## Work request
Exclude the images and transcribe the entries below precisely.

■ ■ ■ ■ ■

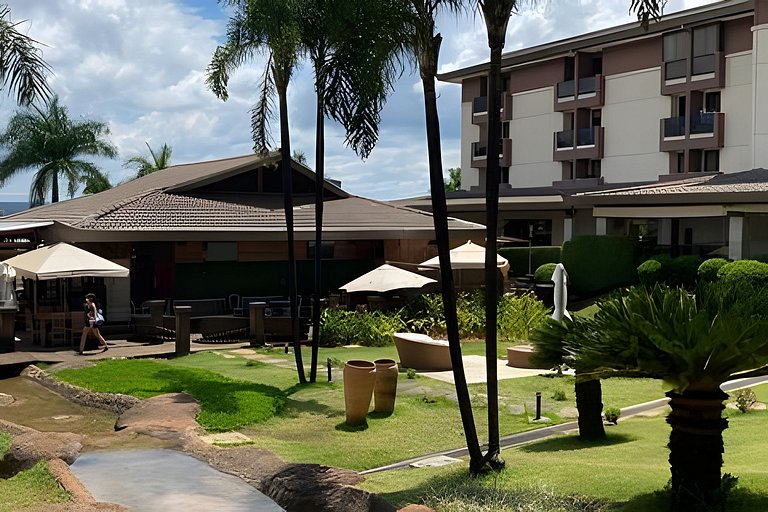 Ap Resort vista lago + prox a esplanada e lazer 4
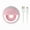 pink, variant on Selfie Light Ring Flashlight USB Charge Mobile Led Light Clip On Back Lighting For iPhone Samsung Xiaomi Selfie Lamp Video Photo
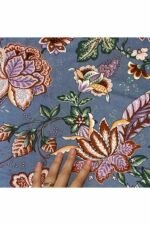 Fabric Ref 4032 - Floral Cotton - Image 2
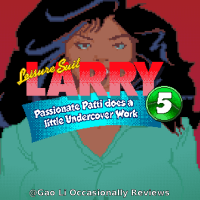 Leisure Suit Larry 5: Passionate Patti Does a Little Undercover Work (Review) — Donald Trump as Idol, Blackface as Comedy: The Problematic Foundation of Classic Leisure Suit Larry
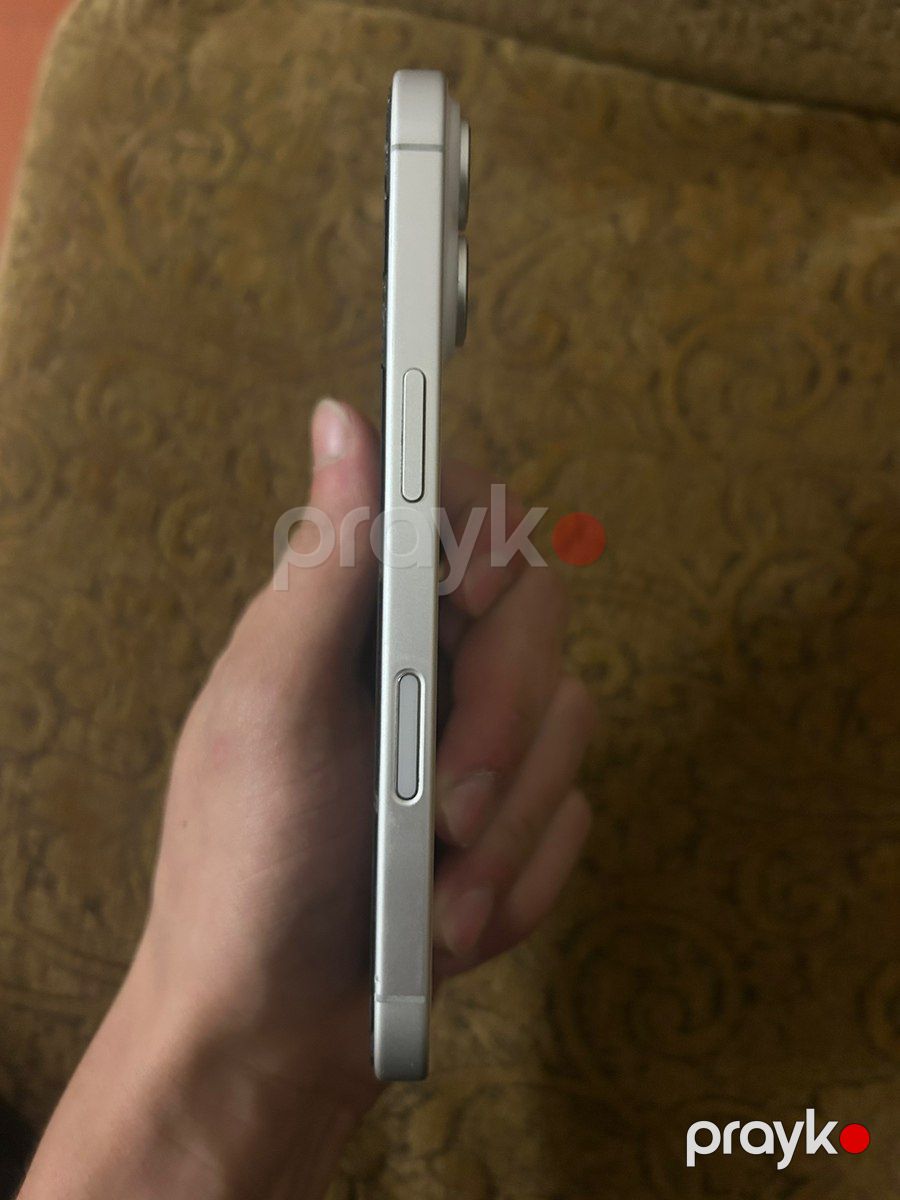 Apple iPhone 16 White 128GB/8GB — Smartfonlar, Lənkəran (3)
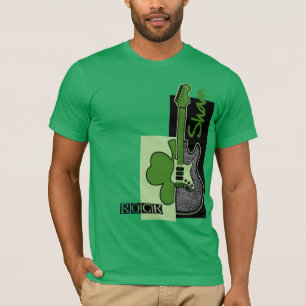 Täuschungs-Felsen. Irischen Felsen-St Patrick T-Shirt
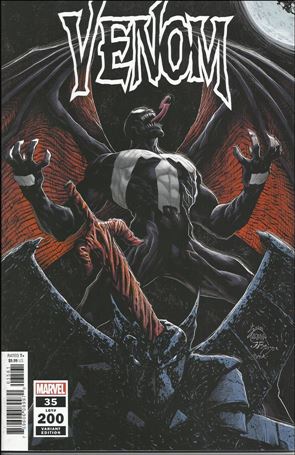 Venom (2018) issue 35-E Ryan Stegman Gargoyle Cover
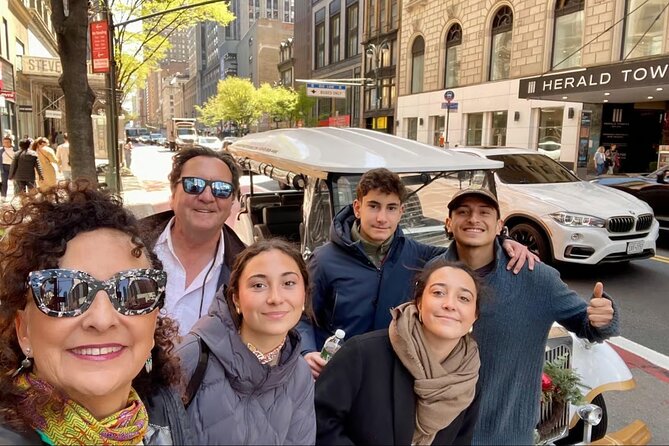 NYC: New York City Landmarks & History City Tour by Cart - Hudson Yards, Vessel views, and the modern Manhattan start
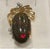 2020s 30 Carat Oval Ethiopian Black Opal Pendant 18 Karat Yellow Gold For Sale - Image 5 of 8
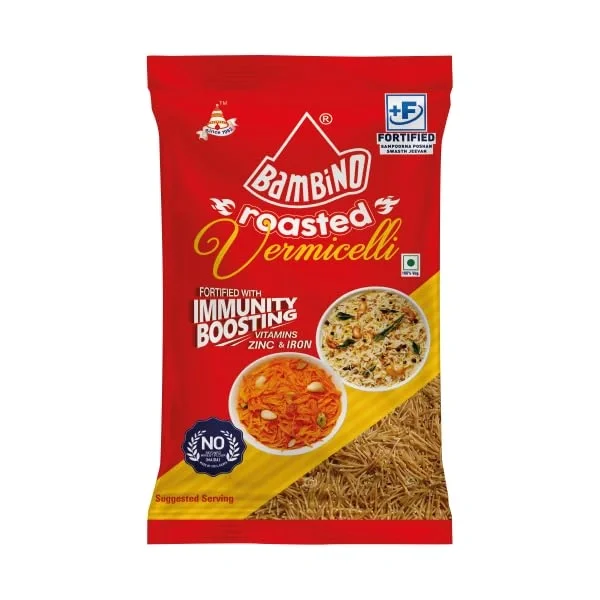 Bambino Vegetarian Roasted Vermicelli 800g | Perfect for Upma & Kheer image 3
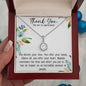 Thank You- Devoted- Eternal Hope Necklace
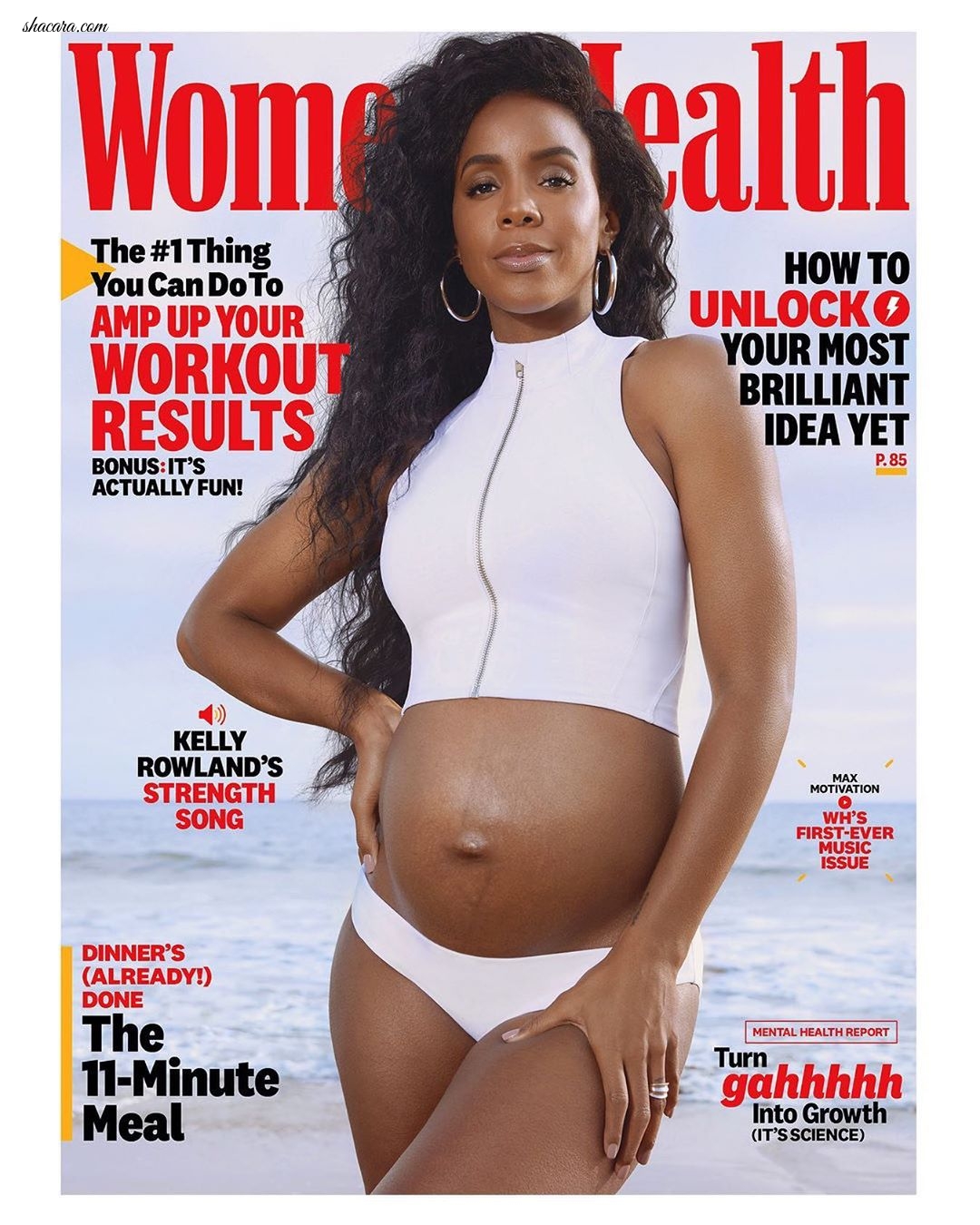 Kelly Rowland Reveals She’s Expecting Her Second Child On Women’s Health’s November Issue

■ ■ ■ ■ ■

## Answer for this exercise
 Ap Resort vista lago + prox a esplanada e lazer 4
 pink, variant on Selfie Light Ring Flashlight USB Charge Mobile Led Light Clip On Back Lighting For iPhone Samsung Xiaomi Selfie Lamp Video Photo
 Fabric Ref 4032 - Floral Cotton - Image 2
 Leisure Suit Larry 5: Passionate Patti Does a Little Undercover Work (Review) — Donald Trump as Idol, Blackface as Comedy: The Problematic Foundation of Classic Leisure Suit Larry
 Apple iPhone 16 White 128GB/8GB — Smartfonlar, Lənkəran (3)
 Täuschungs-Felsen. Irischen Felsen-St Patrick T-Shirt
 Venom (2018) issue 35-E Ryan Stegman Gargoyle Cover
 NYC: New York City Landmarks & History City Tour by Cart - Hudson Yards, Vessel views, and the modern Manhattan start
 2020s 30 Carat Oval Ethiopian Black Opal Pendant 18 Karat Yellow Gold For Sale - Image 5 of 8
 Bambino Vegetarian Roasted Vermicelli 800g | Perfect for Upma & Kheer image 3
 Thank You- Devoted- Eternal Hope Necklace
 Kelly Rowland Reveals She’s Expecting Her Second Child On Women’s Health’s November Issue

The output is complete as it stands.